“Ah Gwun, do you know the house in Zhongshan is about to collapse?” my Aunt Linda told me on the phone one day, calling me by my Chinese name.
“No,” I said in shock. “I thought our relatives had locked it up all these years.”
She was referring to our ancestral home, a nearly 90-year-old, two-storey brick house that looked modern in its earlier days but has a traditional southern Chinese interior, with gigantic black wooden front doors, a high wood-beam ceiling, and a hallway running almost to the back yard for air circulation in the hot and humid summer months. Before immigrating to the US, our family had lived in that house for generations. It’s in Zhongshan city, which is across an estuary from the now famous Shenzhen, “China’s first Silicon Valley,” in Guangdong province, southern China.
“Your mom wants your eldest sister to get everyone to relinquish their rights, so you and your sisters can inherit it and rent it for 30 years to a Taiwanese investor. He wants to repair it and turn it into a hotel,” said Aunt Linda.
My deceased grandmother and father had loved that house. I’ve lived in California, Hong Kong, mainland China, and Taiwan, but I’m the only one who has visited the house regularly over the years.

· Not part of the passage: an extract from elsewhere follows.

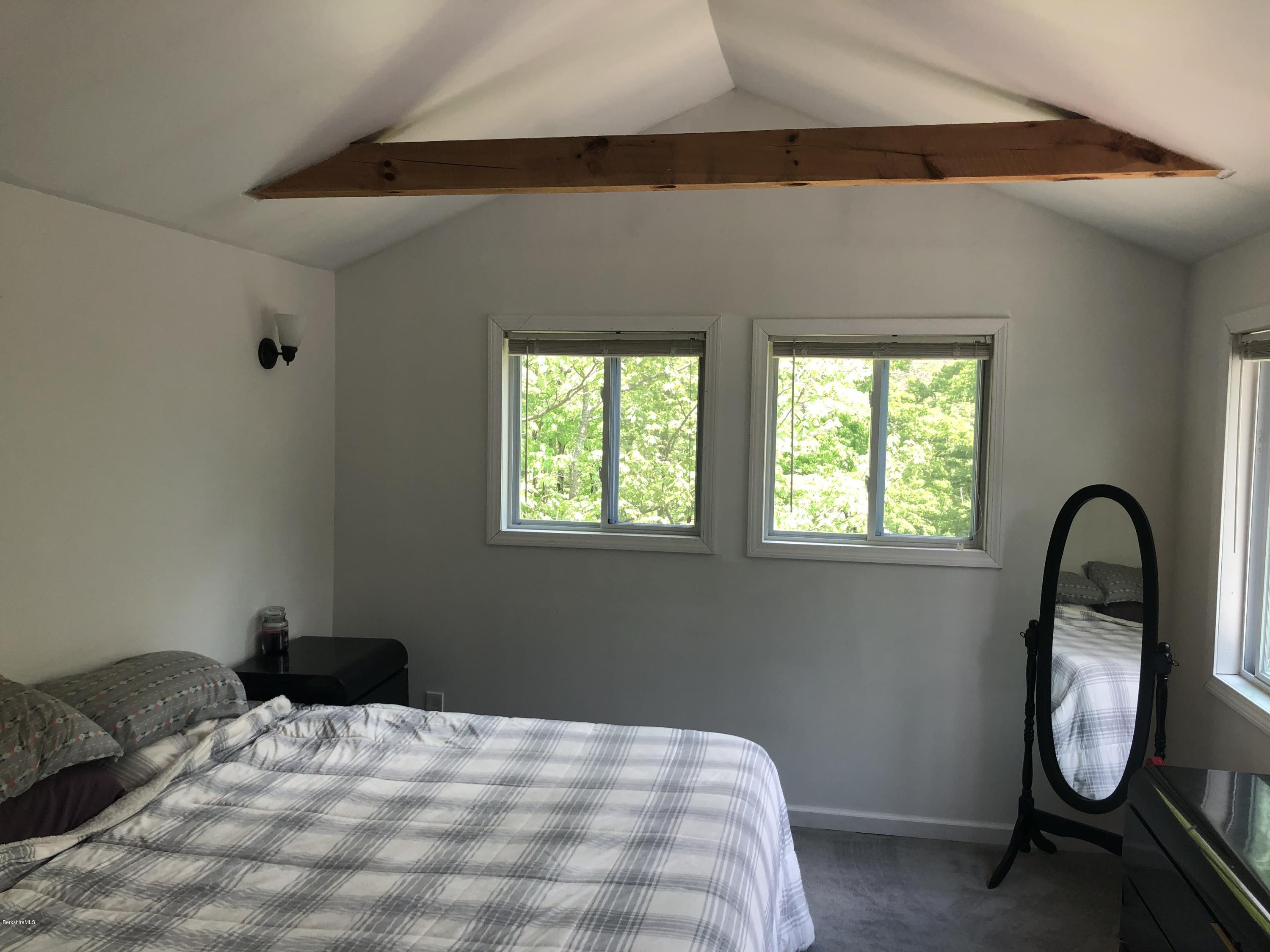 218 Upper Valley Road Washington, MA 01223 - Photo 14 of 33 a bedroom with a bed and a window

I convinced my mother and eldest sister that their plan to hire an agency in Oakland Chinatown, in California, to help us with the paperwork was a bad idea. Their staff didn’t seem to understand the paperwork that would allow us to transfer title from the older generation to us five sisters. And there was no way I would let that Taiwanese businessman turn my home into a hotel.
Initially, my family tried to talk me out of what they saw was a nonsensical idea.

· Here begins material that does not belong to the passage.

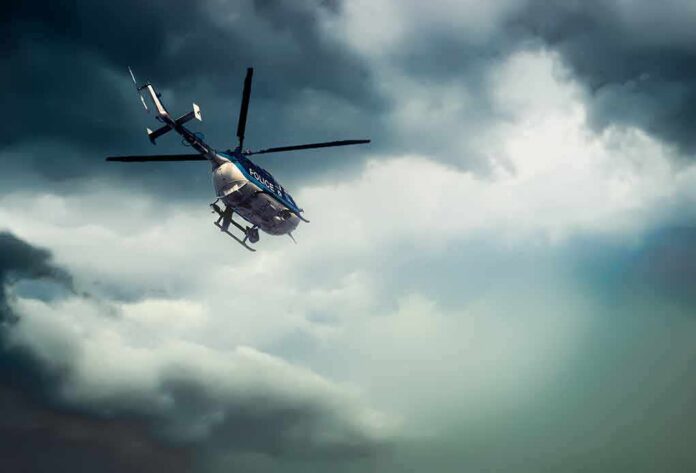Police helicopter flying under dark storm clouds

“Just let it collapse! None of us are in China to live in it. What’s the use of repairing it?” one sister said.
“The amount of money you’ll have to spend on repairs would be better spent buying a new apartment in Zhongshan,” one aunt said. “Stop wasting your time. I can even give you money to demolish the whole thing and get it over with.”
My mom, who grew up under communism, said, “It should be given back to the government. In China, all land belongs to the country.”
Indeed, why would a Chinese-American family care about an old dilapidated house when they had spent decades desperately trying to leave China for the US? My parents were so eager to leave that they even named my fourth sister “Fei” – “Fly”.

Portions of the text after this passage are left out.